Dal 12 luglio al 30 settembre 2018 le OGR – Officine Grandi Riparazioni di Torino presentano Forgive me, distant wars, for bringing flowers home, la prima mostra personale in un’istituzione italiana del trio di artisti Ramin Haerizadeh, Rokni Haerizadeh e Hesam Rahmanian – artisti di origine iraniana residenti negli Emirati Arabi –, a cura di Abaseh Mirvali.

La mostra nasce come sviluppo del Premio OGR assegnato a Rokni Haerizadeh durante l’edizione 2017 di Artissima. Negli ultimi decenni Ramin Haerizadeh, Rokni Haerizadeh e Hesam Rahmanian hanno condiviso una filosofia di vita incentrata sulla collaborazione creativa, grazie alla quale le loro pratiche individuali interagiscono e si arricchiscono reciprocamente sia dal punto di vista tecnico che linguistico ed espressivo. Da queste forme di dialogo intessute tra loro e con altri artisti, amici e collaboratori, i tre artisti hanno dato vita a un linguaggio personale che gli permette di lavorare su livelli diversi e stratificati sia dal punto di vista estetico che del contenuto.

Consapevoli che la loro pratica non comprende solo ciò che producono direttamente, ma anche i contributi di altre persone – artisti, falegnami, allestitori, tecnici e light designer, per citare alcuni esempi – Ramin Haerizadeh, Rokni Haerizadeh e Hesam Rahmanian rifiutano il concetto di “autorialità”, includendo nelle loro opere tutti coloro che diventano parte del loro processo creativo e produttivo: ognuno partecipa singolarmente alla realizzazione delle loro opere, condividendo con i tre artisti il proprio universo, il modo di pensare e il metodo di lavoro e dando vita in ogni occasione alla creazione di qualcosa di veramente nuovo sotto tutti i punti di vista.

Per questo, con attitudine simile ai membri del gruppo Fluxus, Ramin Haerizadeh, Rokni Haerizadeh e Hesam Rahmanian non considerano i loro lavori come opere d'arte vere e proprie: il senso del lavoro non sta nel risultato finale – abbia esso la forma di un oggetto, un disegno o di una performance video – ma nell'intero processo di esplorazione, evanescente ed effimero, che porta a quel risultato.

Forgive me, distant wars, for bringing flowers home si concentra dunque su questo aspetto processuale e inclusivo della pratica artistica del trio, svelandone in qualche modo il dietro le quinte. Parte integrante della loro pratica collaborativa è infatti la creazione di una serie di alter ego che permettono ai tre artisti di giocare con le loro identità individuali, lavorando su temi legati al linguaggio, allo spazio vuoto, al potere, alla trasformazione, all'appartenenza, al dislocamento, all'esilio, al dolore e alla distruzione. Le loro “creature” – come le definiscono – vivono in video documentari ma anche in performance video che costituiscono opere d'arte in sé: sono personaggi antropomorfi, fitomorfi o zoomorfi, con qualche tipo di limitazione sensoriale o motoria che, secondo gli artisti, permette loro di affinare gli altri sensi.

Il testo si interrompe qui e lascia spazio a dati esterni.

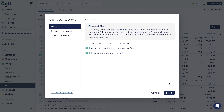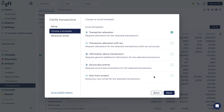You can then click next and you will be prompted to choose from one of the following templates: transaction allocation, transaction allocation or tax, information about transactions, source documents, or start from scratch.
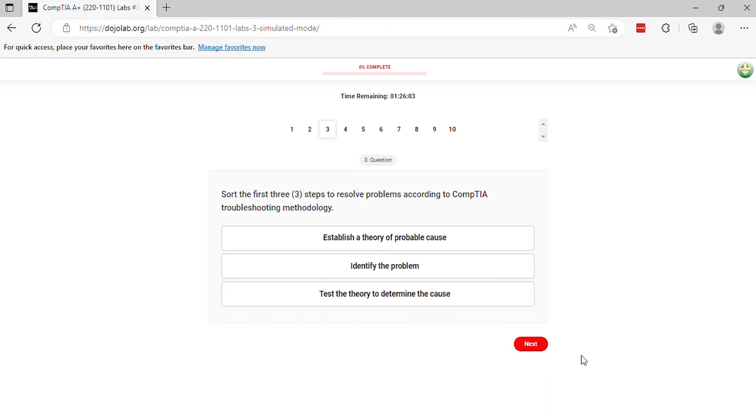Question 3. Sort the first three steps to resolve problems according to CompTIA troubleshooting methodology.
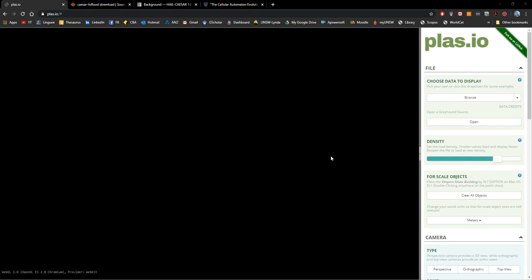Hello everyone and welcome to a new video. In this time I will show you how you can display LiDAR point clouds using an online open source software. It's a very easy way to create rapid visualizations and very simple analysis.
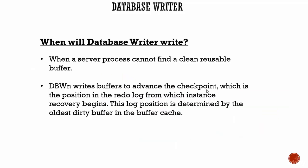When will Database Writer write? It will write in two cases. First, when a server process cannot find a clean reusable buffer.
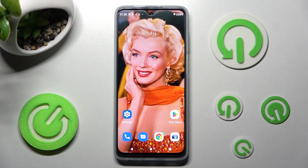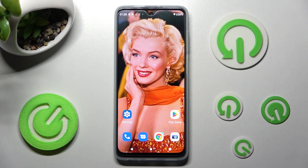Hi, in front of me is the Motorola Moto G62 5G, and today I would like to show you where you can access all your downloads on this Motorola.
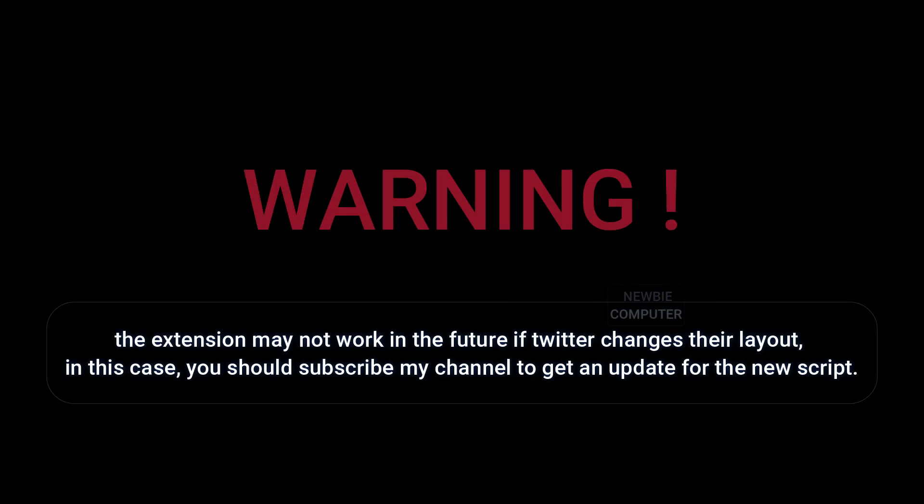The extension may not work in the future if Twitter changes their layout. In this case, you should subscribe to my channel to get an update for the new script.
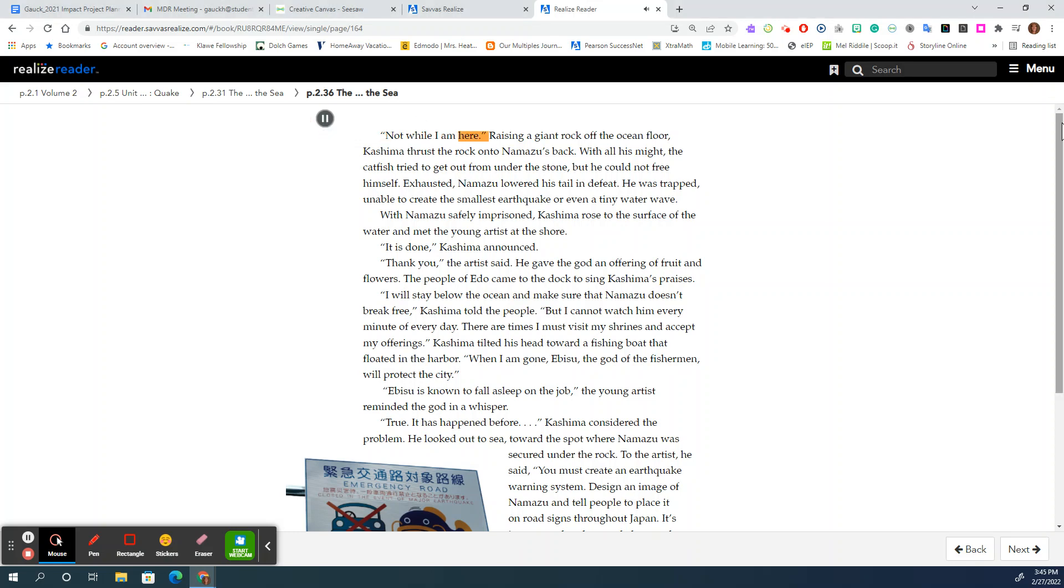Not while I am here. Raising a giant rock off the ocean floor, Kashima thrust the rock onto Namazu's back. With all his might, the catfish tried to get out from under the stone, but he could not free himself.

Così, piccole persone con naso e orecchie da roditore, code di pesce o teste di lattuga diventano protagoniste in un mondo irreale che entra nel regno dello spettatore attraverso performance dal vivo o la presentazione fisica delle opere da loro realizzate. L'idea alla base della creazione di questi alter ego è quella di presentare i corpi degli artisti come ospiti di creature dal regno delle immagini, combinando le reciproche identità in un processo di fusione che permette alle creature di agire secondo i loro specifici bisogni. Reinterpretando la pratica dell'objet trouvé, quando sono creature, gli artisti selezionano, infatti, una serie di oggetti della vita quotidiana per raccontare la loro storia: oggetti logori, malconci o dimenticati vengono reinventati in un mondo parallelo dove acquisiscono nuovi significati, fornendo letture sottili, a volte opache, delle nostre società contemporanee.

Sebbene vogliano attirare l'attenzione sui grandi temi sociali che affliggono la contemporaneità (alcuni dei quali con conseguenze umane devastanti), Ramin Haerizadeh, Rokni Haerizadeh e Hesam Rahmanian non cercano di trasmettere alcun messaggio morale allo spettatore: usando il meccanismo della citazione e della decontestualizzazione parlano dunque con apparente leggerezza di contenuti specifici, dal potenziale anche fortemente drammatico, costringendoci a rileggere e reinterpretare la realtà con nuovi occhi e una nuova consapevolezza.

Nella serie di opere su carta Where is Waldo? e nei moving paintings From Sea To Dawn e Big Rock Candy Mountain, ad esempio, gli artisti costruiscono complessi racconti visivi appropriandosi di immagini tratte dai mass media: dopo aver scaricato e stampato migliaia di fotogrammi tratti da video di YouTube o da varie trasmissioni televisive – come documentari e immagini di quotidiani e riviste sulla crisi dei migranti e il conflitto siriano – gli artisti intervengono sulle immagini per trasformare i loro protagonisti in creature ibride, incroci di animali ed esseri umani. Da questi disegni emerge un’immagine dell’umanità violenta e mostruosa. Ciò che nasce come filmato documentario o di reportage si trasforma in una complessa allegoria dell’universalità della violenza, coinvolgendo lo spettatore e risvegliandolo dallo stato di assuefazione causato dalla comunicazione di massa. Qualcosa di simile si verifica anche nella performance video Black Hair, che riflette sulle nozioni di tempo, vita e morte, e negli altri lavori site-specific che verranno prodotti per la mostra, arricchendo il florido e variopinto immaginario del trio di nuovi straordinari abitanti.

Forgive me, distant wars, for bringing flowers home non vuole dunque essere una mostra retrospettiva o un'indagine sull'opera degli artisti, ma piuttosto un’esplorazione empatica della loro pratica collaborativa, nel tentativo di mostrare il lavoro di Ramin Haerizadeh, Rokni Haerizadeh e Hesam Rahmanian da una prospettiva di osservazione partecipante dei meccanismi che alimentano il loro processo creativo, di condivisione e inclusione di persone e processi.

La mostra sarà visitabile dal 12 luglio al 30 settembre, giovedì dalle 11.00 alle 19.00, venerdì dalle 11.00 alle 20.00, sabato e domenica dalle 11.00 alle 19.00. Biglietto intero: 8 euro. Maggiori informazioni sul sito delle Ogr.